San Giovanni Paolo II è stato un dono straordinario di Dio alla Chiesa e alla Polonia, vostra patria. Il suo pellegrinaggio terreno, iniziato il 18 maggio 1920 a Wadowice e terminato 15 anni or sono a Roma, è stato segnato dalla passione per la vita e dal fascino per il mistero di Dio, del mondo e dell’uomo.

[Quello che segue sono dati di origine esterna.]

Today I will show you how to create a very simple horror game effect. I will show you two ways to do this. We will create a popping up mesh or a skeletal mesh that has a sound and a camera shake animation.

Lo ricordo come un grande della misericordia: penso all’Enciclica Dives in misericordia, alla canonizzazione di santa Faustina e all’istituzione della Domenica della Divina Misericordia. Alla luce dell’amore misericordioso di Dio Lui coglieva la specificità e la bellezza della vocazione delle donne e degli uomini, capiva le necessità dei bambini, dei giovani e degli adulti, considerando anche i condizionamenti culturali e sociali. Tutti potevano sperimentarlo. Anche voi oggi potete sperimentarlo, conoscendo la sua vita e i suoi insegnamenti, disponibili a tutti anche grazie a internet.

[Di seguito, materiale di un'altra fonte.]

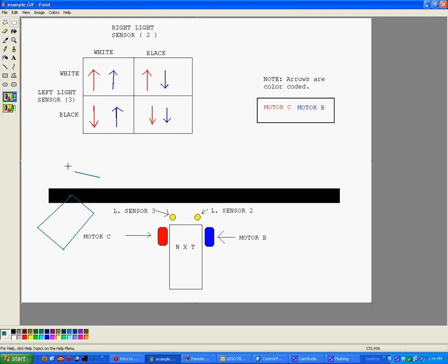Apparently I can't delete that. Oh well. When you see black white, you're going to need to turn to the left. To turn left, this motor needs to go backwards and this motor needs to go forwards, which is backwards forwards.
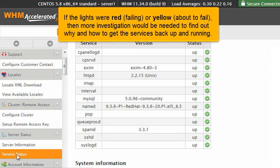If the lights were red, failing, or yellow, about to fail, then more investigation would be needed to find out why and how to get the services back up and running.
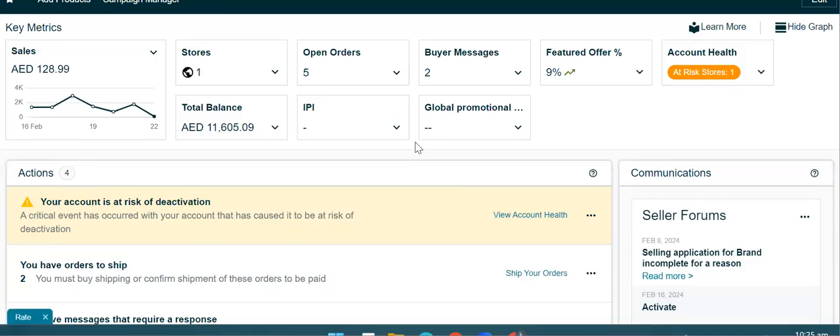Asalaamu alaikum. आज मैं आपको बताऊंगी कि जब आपका Amazon account deactivate हो जाता है और उस पर आपको कोई appeal submit करवानी होती है, तो उसका क्या procedure होता है, आप किस तरह से case log open कर सकते हैं — so I am going to discuss that topic with you guys.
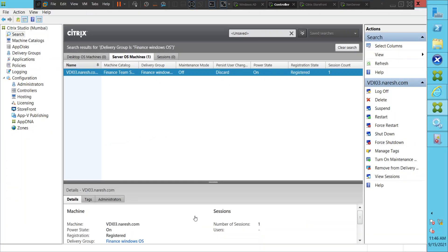Hi everyone. In this video I would like to talk about the difference between Citrix Director and Citrix Studio. If you are someone who is wondering what is the difference between these two consoles in a Citrix environment, I would like to clarify that in this video. Citrix Director is a tool where you can actually troubleshoot and monitor the Citrix environment.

Ognuno e ognuna di voi, cari ragazzi e ragazze, porta l’impronta della propria famiglia, con le sue gioie e i suoi dolori. L’amore e la cura per la famiglia è un tratto caratteristico di Giovanni Paolo II. Il suo insegnamento rappresenta un sicuro punto di riferimento per trovare soluzioni concrete alle difficoltà e alle sfide che le famiglie devono affrontare ai nostri giorni (cfr Messaggio al Convegno “Giovanni Paolo II, il Papa della famiglia”, Roma, 30 ottobre 2019).
Ma i problemi personali e familiari non sono un ostacolo sulla via della santità e della felicità. Non lo erano neanche per il giovane Karol Wojtyła, che da ragazzo patì la perdita della madre, del fratello e del padre. Da studente sperimentò le atrocità del nazismo, che gli portò via tanti amici. Dopo la guerra, come sacerdote e vescovo dovette affrontare il comunismo ateo.
Le difficoltà, anche dure, sono una prova della maturità e della fede; prova che si supera solo basandosi sulla potenza di Cristo morto e risorto. Giovanni Paolo II lo ha ricordato a tutta la Chiesa fin dalla sua prima Enciclica, Redemptor hominis, dove dice: «L’uomo che vuol comprendere se stesso fino in fondo […] deve, con la sua inquietudine e incertezza e anche con la sua debolezza e peccaminosità, con la sua vita e morte, avvicinarsi a Cristo. Egli deve, per così dire, entrare in Lui con tutto se stesso» (n. 10).
Cari giovani, è questo che auguro ad ognuno di voi: di entrare in Cristo con tutta la vostra vita. E auspico che le celebrazioni del centenario della nascita di San Giovanni Paolo II ispirino in voi il desiderio di camminare coraggiosamente con Gesù, che è «il Signore del rischio, è il Signore del sempre “oltre”. […] Il Signore, come a Pentecoste, vuole realizzare uno dei più grandi miracoli che possiamo sperimentare: far sì che le tue mani, le mie mani, le nostre mani si trasformino in segni di riconciliazione, di comunione, di creazione. Egli vuole le tue mani – ragazzo, ragazza, vuole le tue mani – per continuare a costruire il mondo di oggi» (Discorso nella Veglia della GMG, Cracovia, 30 luglio 2016).
Vi affido tutti all’intercessione di San Giovanni Paolo II e vi benedico di cuore. E voi, per favore, non dimenticatevi di pregare per me. Grazie!